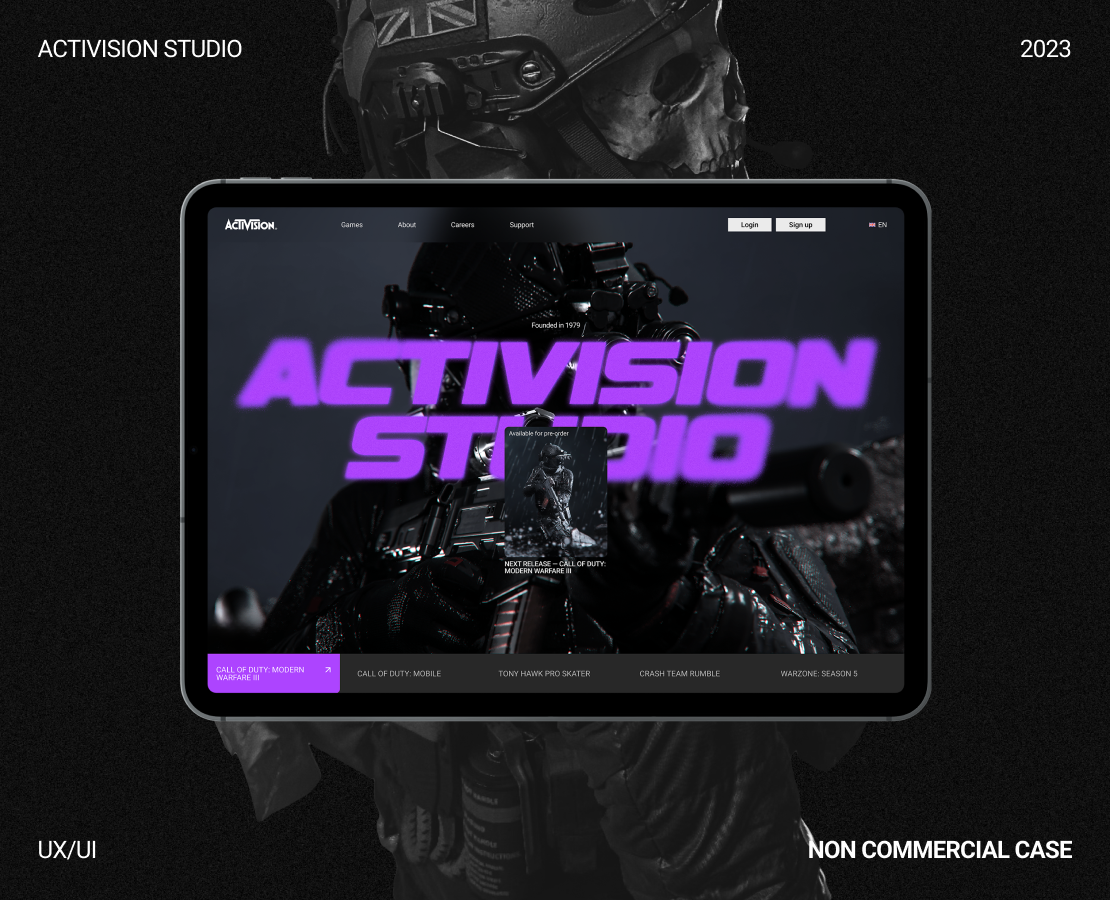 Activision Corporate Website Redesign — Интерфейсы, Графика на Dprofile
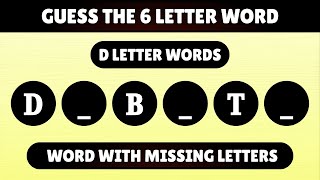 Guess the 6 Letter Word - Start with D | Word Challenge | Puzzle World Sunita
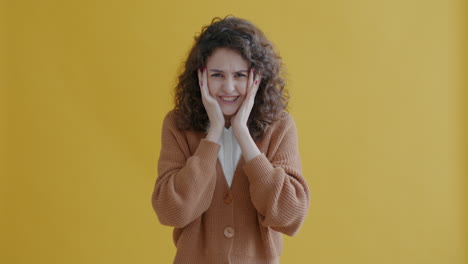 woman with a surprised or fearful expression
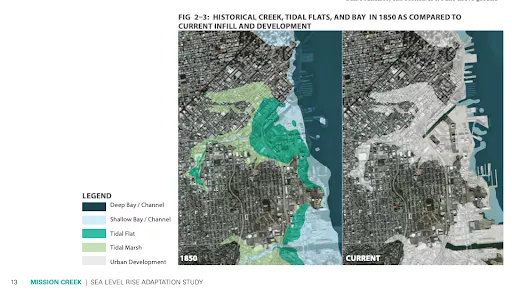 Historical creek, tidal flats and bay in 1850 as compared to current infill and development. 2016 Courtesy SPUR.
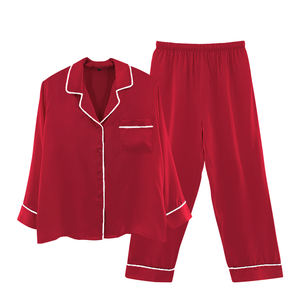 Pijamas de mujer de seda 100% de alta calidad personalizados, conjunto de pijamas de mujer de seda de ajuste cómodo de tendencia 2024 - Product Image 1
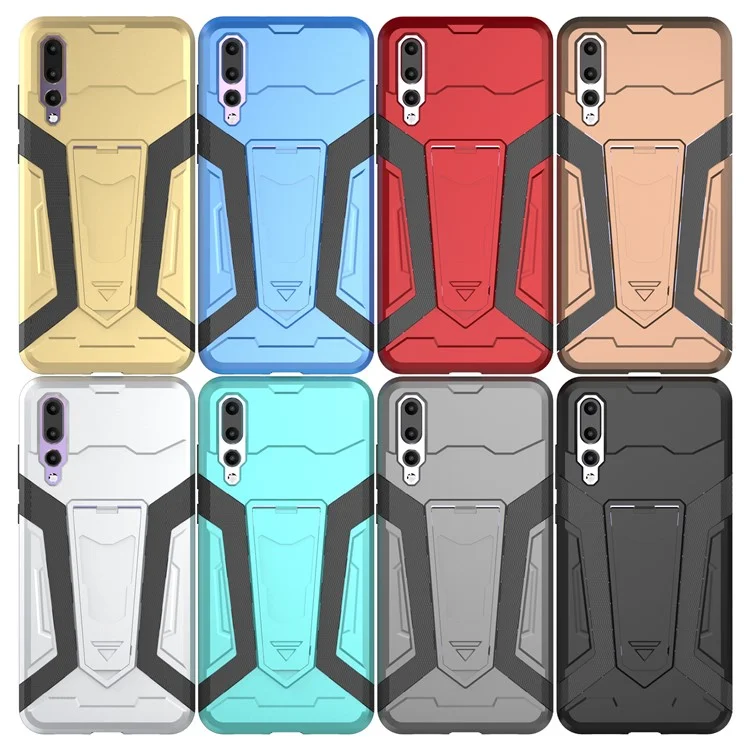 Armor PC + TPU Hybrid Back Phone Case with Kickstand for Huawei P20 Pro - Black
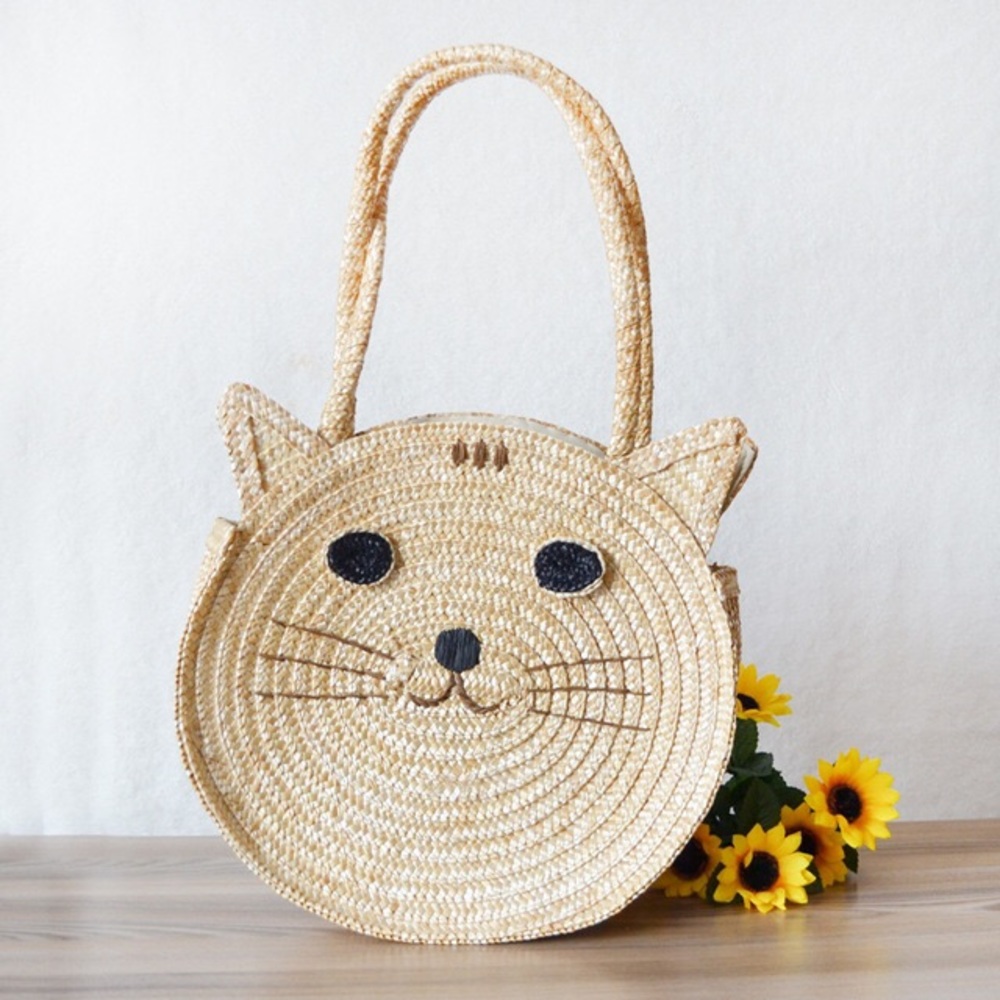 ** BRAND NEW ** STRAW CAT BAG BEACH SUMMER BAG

──────

◆ DESCRIPTION OF THE TASK
Output the entries above exactly. Do not include the pictures.

◆ THE ANSWER
 Activision Corporate Website Redesign — Интерфейсы, Графика на Dprofile
 Guess the 6 Letter Word - Start with D | Word Challenge | Puzzle World Sunita
 woman with a surprised or fearful expression
 Historical creek, tidal flats and bay in 1850 as compared to current infill and development. 2016 Courtesy SPUR.
 Pijamas de mujer de seda 100% de alta calidad personalizados, conjunto de pijamas de mujer de seda de ajuste cómodo de tendencia 2024 - Product Image 1
 Armor PC + TPU Hybrid Back Phone Case with Kickstand for Huawei P20 Pro - Black
 ** BRAND NEW ** STRAW CAT BAG BEACH SUMMER BAG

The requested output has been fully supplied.